Legal cases against tech giants can seem like a dime a dozen – after all, litigious activity is inherent in being some of the largest companies in the world. Supreme Court cases, however, are certainly not standard. Apple finds itself embroiled in one whose outcome will have a real effect on developers and their business models.
The highest court in the United States agreed to hear Apple Inc. v. Pepper in June; oral arguments were held on November 26. The class-action lawsuit alleges that Apple has, according to Business Insider, “[broken] federal antitrust laws by monopolizing the market for iPhone apps and causing consumers to pay more than they should.” Judges will determine if Apple is responsible for damages, but their ruling will also set precedent on whether consumers can sue for damages in the future under similar circumstances.
Apple’s argument hinges on a precedent set by Illinois Brick Co. v. Illinois in 1977. In that case, which involved allegations of price-fixing against concrete block manufacturers that increased building costs, the Supreme Court ruled that “only a company’s direct customer can sue for antitrust violations,” – in this case, only the contractors who purchased directly from manufacturers could sue said manufacturers.
Apple is arguing that their App Store is effectively a middleman between consumers and developers, analogous to the concrete manufacturers – developers are thus the masonry workers, and the only ones who can file a suit for better terms. They insist developers can charge any price – not just the standard $0.99 – to improve their margins if they sell their apps in the store.
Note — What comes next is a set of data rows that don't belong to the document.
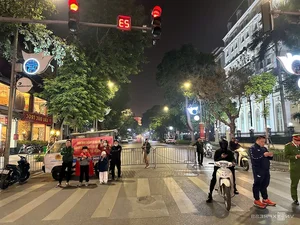 Tens of Thousands Flood the Streets as Vietnam Celebrates Historic Football Championship - image 1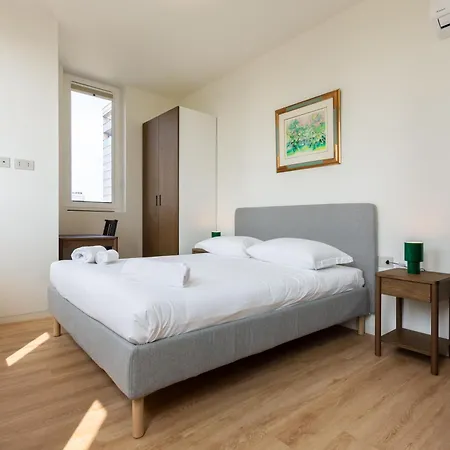Luxury - Zenith Towers - 7 *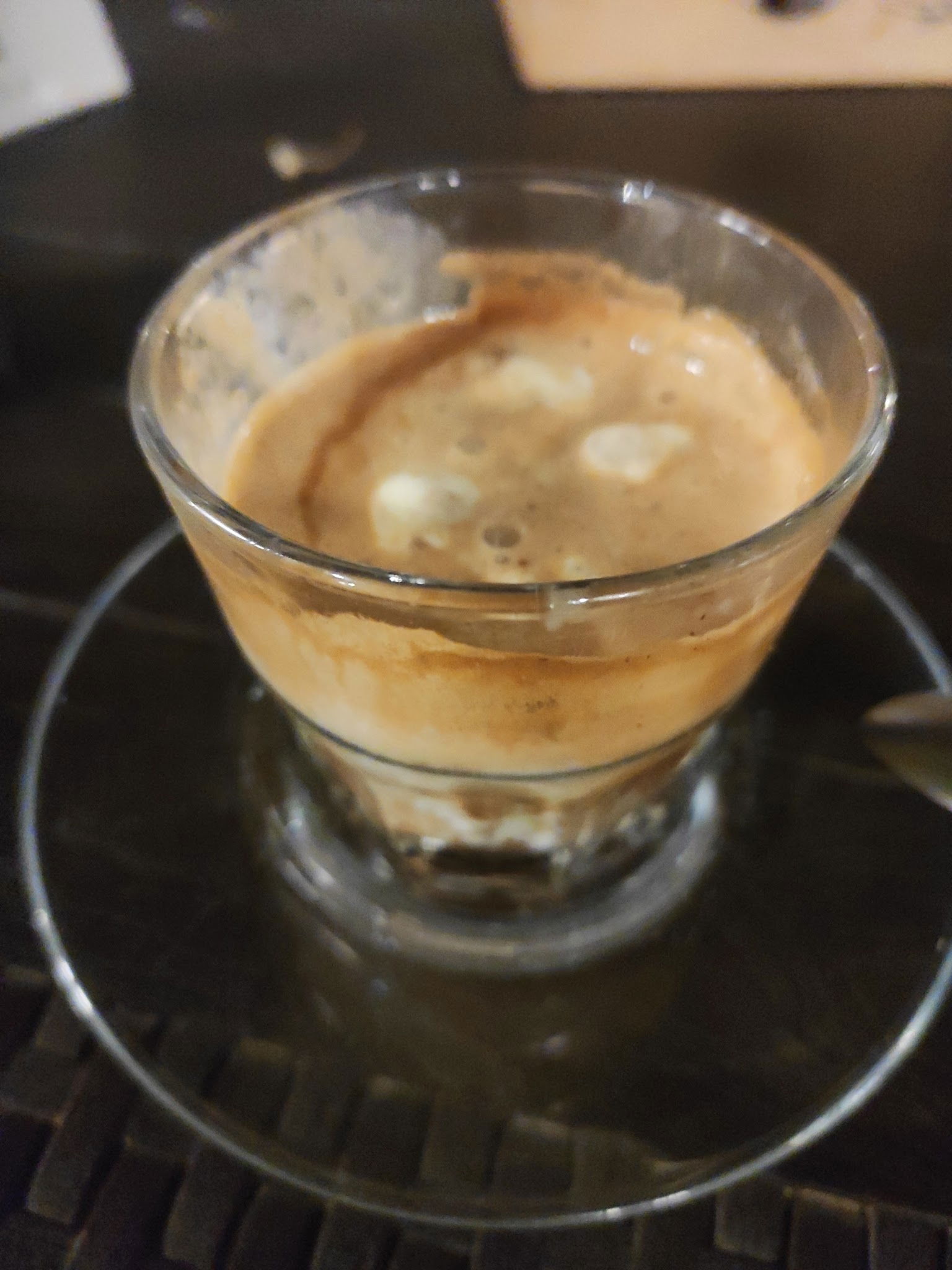 Lazilla Cafe & Restaurant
Developers are frustrated by Apple’s 30 percent fee (described as a “commission”) on each sale and handcuffed by economic principles (lower priced items tend to sell better than more expensive ones) when it comes to charging for their products. Should the Supreme Court agree with Apple, developers will need to band together if they want to bring a suit; regardless of outcome, it is likely developers will need to work together to create a better system benefiting large and small creators alike.
How a new model would work is up for interpretation. Some smaller developers are already moving towards subscription-based purchases – a far friendlier approach to their bottom line than one-off, $0.99 sales. Nathan Swanner, Dice’s insights editor, writes in a blog post that “Apple may be forced to allow outside app downloads, or at least allow developers to link to outside sales portals within their own apps (or create apps that are solely for sales of other apps).” Developers may also decide to charge more to expand their margin when faced with service fees.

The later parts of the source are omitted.